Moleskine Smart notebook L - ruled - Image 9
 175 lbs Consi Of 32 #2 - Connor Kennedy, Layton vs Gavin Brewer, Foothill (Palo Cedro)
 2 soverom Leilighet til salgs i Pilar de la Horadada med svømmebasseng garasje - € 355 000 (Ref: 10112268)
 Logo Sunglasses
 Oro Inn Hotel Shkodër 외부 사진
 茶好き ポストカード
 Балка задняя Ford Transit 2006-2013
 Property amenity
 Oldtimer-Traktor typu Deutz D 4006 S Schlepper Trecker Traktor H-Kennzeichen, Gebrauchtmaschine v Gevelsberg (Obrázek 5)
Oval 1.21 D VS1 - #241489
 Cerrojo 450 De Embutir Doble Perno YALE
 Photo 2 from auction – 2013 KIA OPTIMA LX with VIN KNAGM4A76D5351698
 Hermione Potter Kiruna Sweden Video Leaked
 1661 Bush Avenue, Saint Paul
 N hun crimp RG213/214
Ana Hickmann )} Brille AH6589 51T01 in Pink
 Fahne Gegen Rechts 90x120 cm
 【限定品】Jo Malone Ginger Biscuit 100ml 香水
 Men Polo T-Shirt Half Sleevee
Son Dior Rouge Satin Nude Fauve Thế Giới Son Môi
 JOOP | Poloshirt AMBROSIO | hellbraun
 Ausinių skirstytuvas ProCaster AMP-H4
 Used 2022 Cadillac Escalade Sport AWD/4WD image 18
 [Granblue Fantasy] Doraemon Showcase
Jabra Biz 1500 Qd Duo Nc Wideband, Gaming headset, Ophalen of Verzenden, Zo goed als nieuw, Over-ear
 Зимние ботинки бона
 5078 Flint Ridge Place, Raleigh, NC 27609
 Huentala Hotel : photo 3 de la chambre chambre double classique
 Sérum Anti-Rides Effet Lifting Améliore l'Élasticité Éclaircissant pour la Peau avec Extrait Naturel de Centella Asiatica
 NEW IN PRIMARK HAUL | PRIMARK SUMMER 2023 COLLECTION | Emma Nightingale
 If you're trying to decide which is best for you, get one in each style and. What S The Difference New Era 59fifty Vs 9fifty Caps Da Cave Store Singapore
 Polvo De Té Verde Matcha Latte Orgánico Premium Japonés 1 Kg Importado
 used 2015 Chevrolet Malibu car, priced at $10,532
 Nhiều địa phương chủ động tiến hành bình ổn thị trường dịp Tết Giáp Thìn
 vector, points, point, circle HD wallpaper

▶ [DIRECTIONS] Reproduce exactly the entries above, limited to the lines from the one with "N hun crimp RG213/214" through the one with "Jabra Biz 1500", both included.

▶ [ANSWER FOR THE TASK]
 N hun crimp RG213/214
Ana Hickmann )} Brille AH6589 51T01 in Pink
 Fahne Gegen Rechts 90x120 cm
 【限定品】Jo Malone Ginger Biscuit 100ml 香水
 Men Polo T-Shirt Half Sleevee
Son Dior Rouge Satin Nude Fauve Thế Giới Son Môi
 JOOP | Poloshirt AMBROSIO | hellbraun
 Ausinių skirstytuvas ProCaster AMP-H4
 Used 2022 Cadillac Escalade Sport AWD/4WD image 18
 [Granblue Fantasy] Doraemon Showcase
Jabra Biz 1500 Qd Duo Nc Wideband, Gaming headset, Ophalen of Verzenden, Zo goed als nieuw, Over-ear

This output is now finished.